Oilers need to miss playoffs - Metro US

Oilers need to miss playoffs

Last week, when the Oilers were in position to make the playoffs, yours truly looked at Edmonton’s remaining regular-season games and attempted to discern which ones Craig MacTavish’s charges should and should win.

Of the four games Edmonton has played since that column was filed, the Oilers won just once (I thought they should’ve at the very least split those games).

Consequently, they’re in a world of hurt: in 11th place in the Western Conference, a handful of points away from the West’s final playoff berth.

However, as I’ve mentioned in this space a couple times, if Edmontonians are honest with themselves, they ought to acknowledge the Oilers simply squeaking into the post-season — and becoming fodder for the likes of the Red Wings or Sharks — doesn’t do much good for the franchise.

I know, I know — the 2005-06 edition of the Oilers made it all the way to the Stanley Cup final. But take a gander at how other eighth-seeded teams have fared in recent years.

In 2007, the Calgary Flames finished eighth in the West and fell to the Red Wings in the first round of the playoffs.
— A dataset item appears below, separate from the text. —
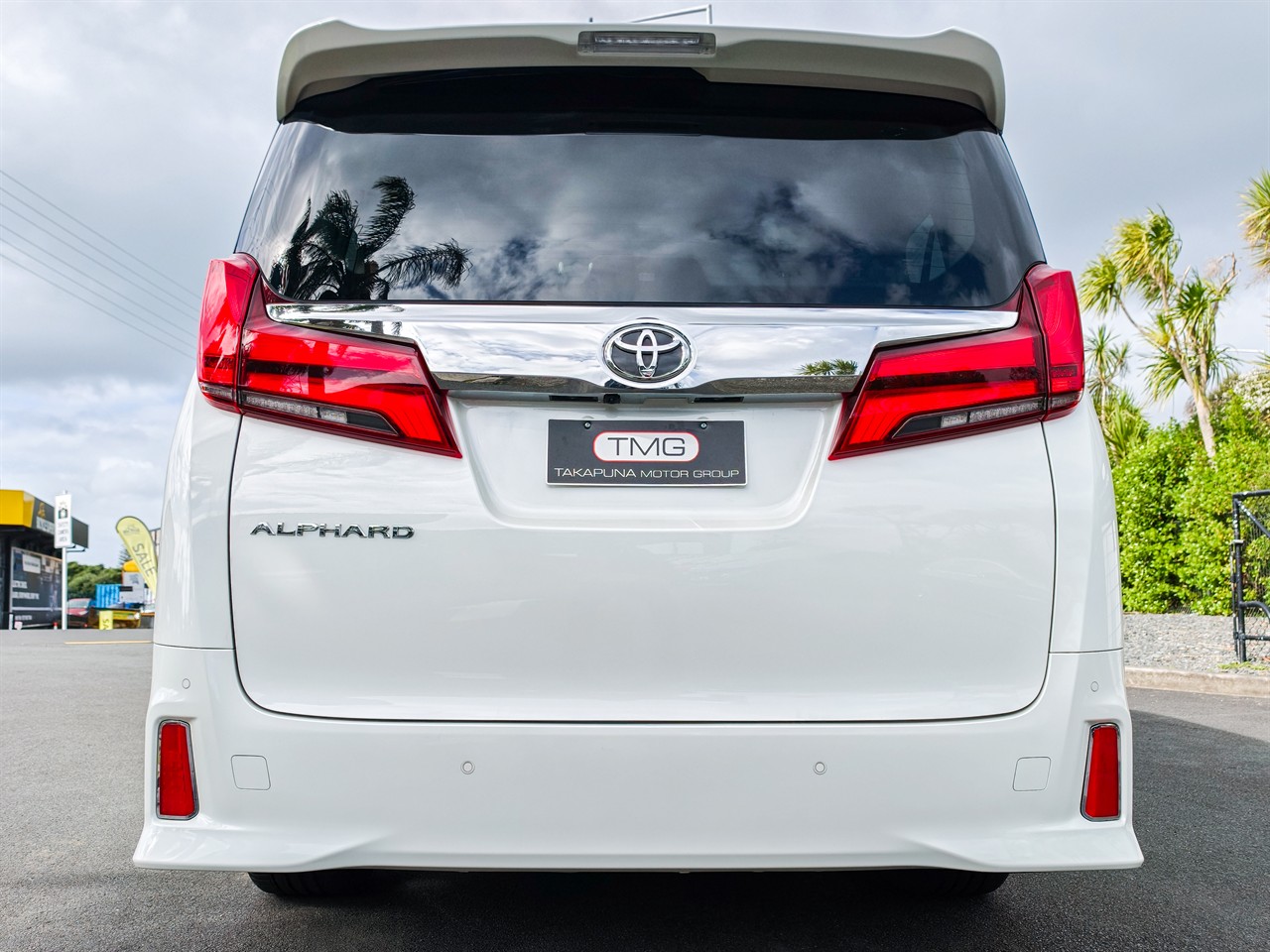 2023 Toyota Alphard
That same year, the New York Islanders secured the eighth position in the Eastern Conference and won one lousy game against Buffalo in the first round.

Last spring, the eighth-seeded Nashville Predators were eliminated by Detroit in the first round. The Boston Bruins (a.k.a. the East’s eighth seed in 2008) also failed to make it past the first round after Montreal narrowly defeated them in seven games.

Similarly, both No. 8 seeds (Nashville and the Isles) in the 2004 post-season lost their first-round matchups against San Jose and Tampa Bay, respectively.

Detecting a pattern? The pattern is that the ’05-06 Oilers were the exception rather than the rule.

The best thing for Edmonton’s Cup hopes is to miss this year’s playoffs, take a good, hard look at what organizational changes should be made, and retool over the summer.

Finishing eighth may be enough for some fans, but more often than not, it’s simply not enough for hockey’s ultimate prize.